* [REQUIRED ACTION] The records below are to be returned word for word, with pictures left out.
===== GIVEN DATA
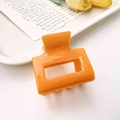 Fashionable bright orange rectangular hollow hair claw clip for women's hairstyling - Orange Red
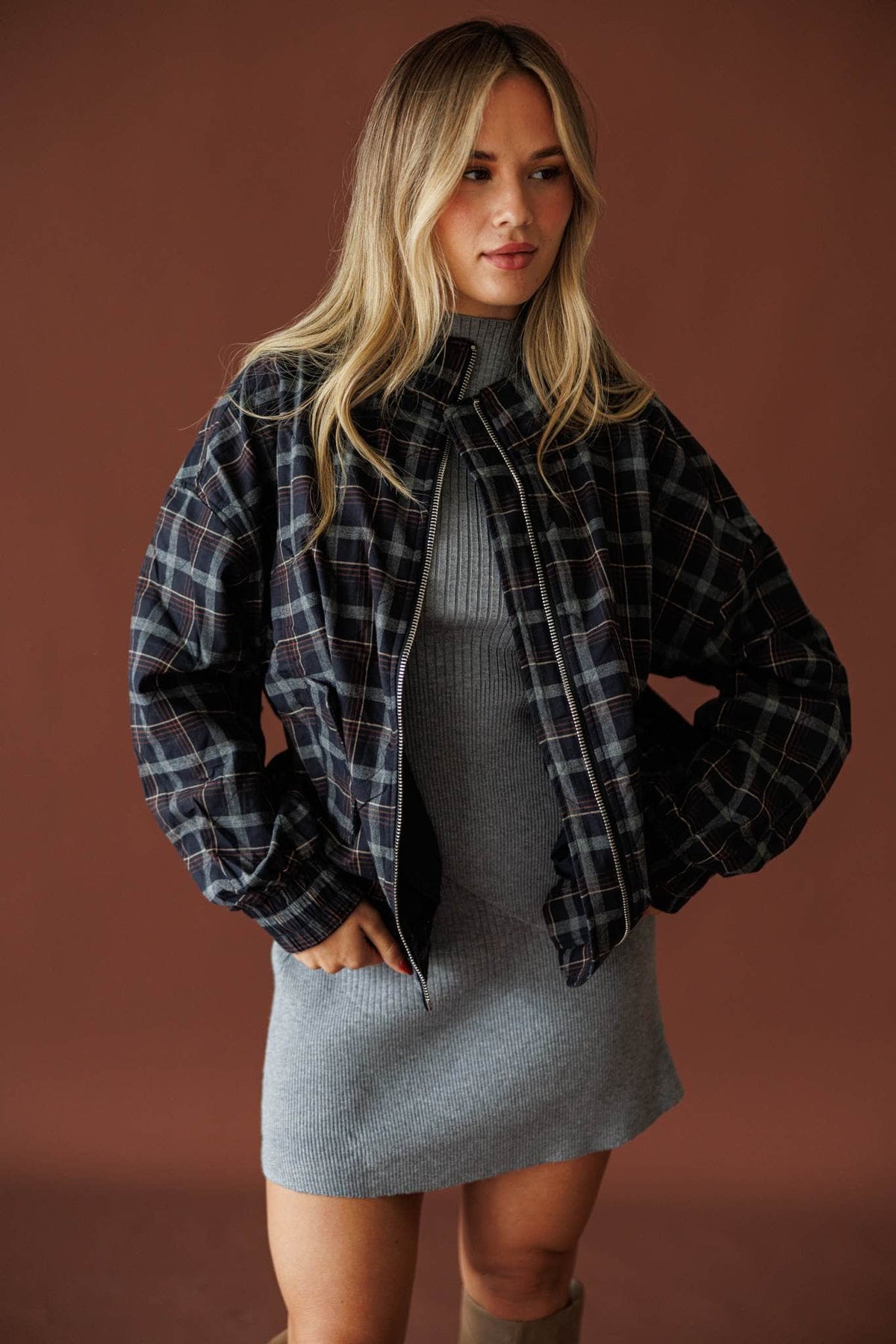 Homecoming Plaid Bomber Jacket in navy multi, three-quarter view with hands in the pockets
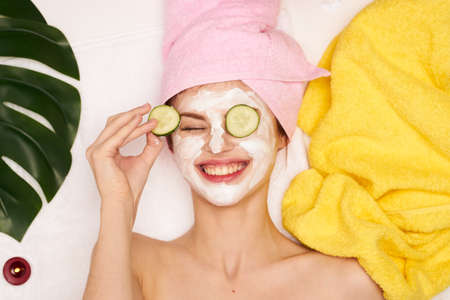 pretty woman with a towel on my head skin care view from aboveの写真素材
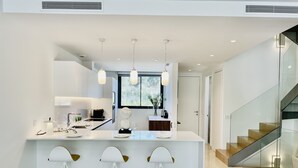 Eine moderne Küche mit einer zentralen Kochinsel, Barhocker, Pendelleuchten und Blick ins Freie durch ein Fenster.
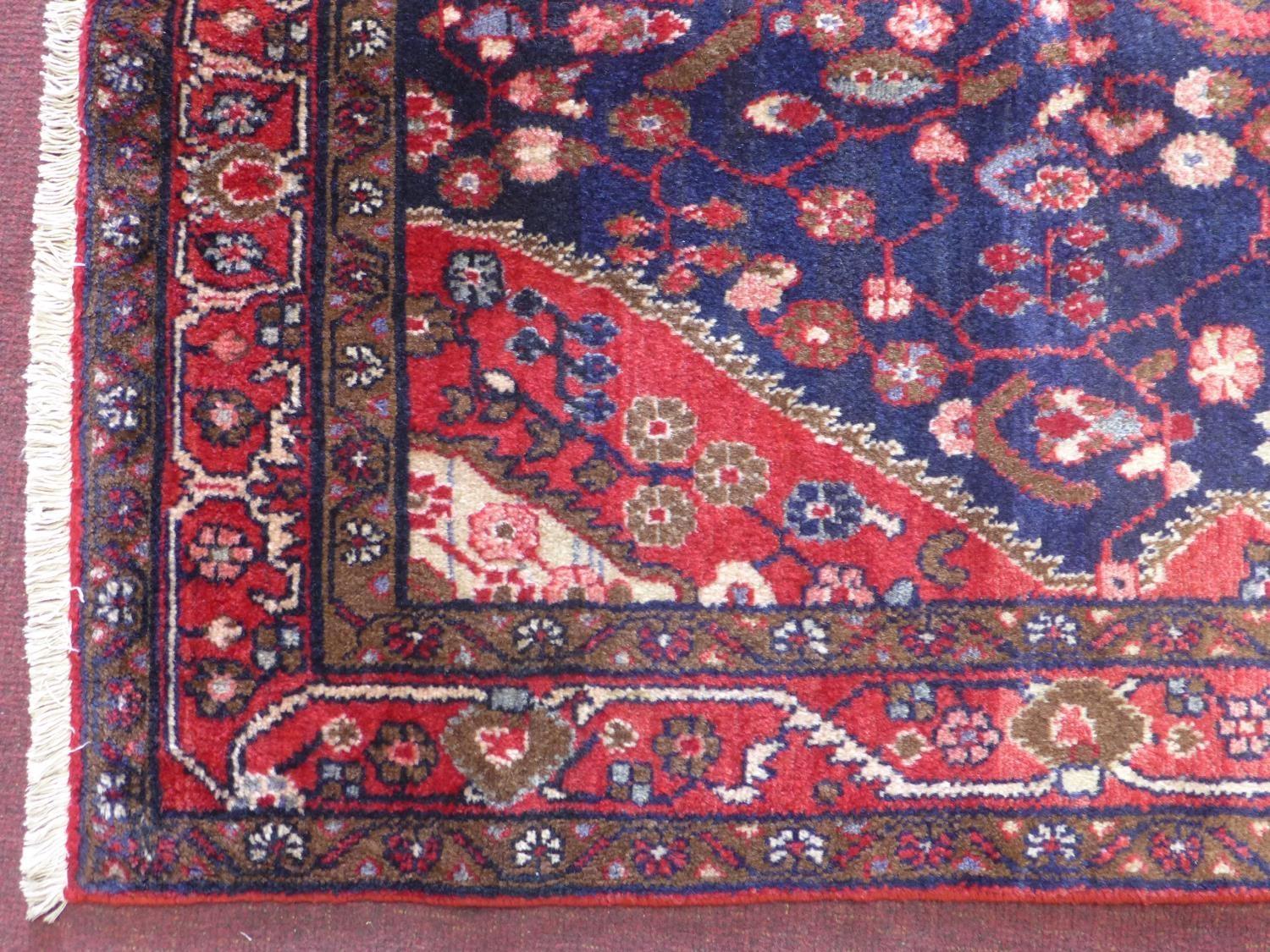 A North-West Persian Nahawand rug, central double pendent medallion with repeating petal motifs on a - Image 2 of 3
==========
* [WRITTEN ANSWER]
 Fashionable bright orange rectangular hollow hair claw clip for women's hairstyling - Orange Red
 Homecoming Plaid Bomber Jacket in navy multi, three-quarter view with hands in the pockets
 pretty woman with a towel on my head skin care view from aboveの写真素材
 Eine moderne Küche mit einer zentralen Kochinsel, Barhocker, Pendelleuchten und Blick ins Freie durch ein Fenster.
 A North-West Persian Nahawand rug, central double pendent medallion with repeating petal motifs on a - Image 2 of 3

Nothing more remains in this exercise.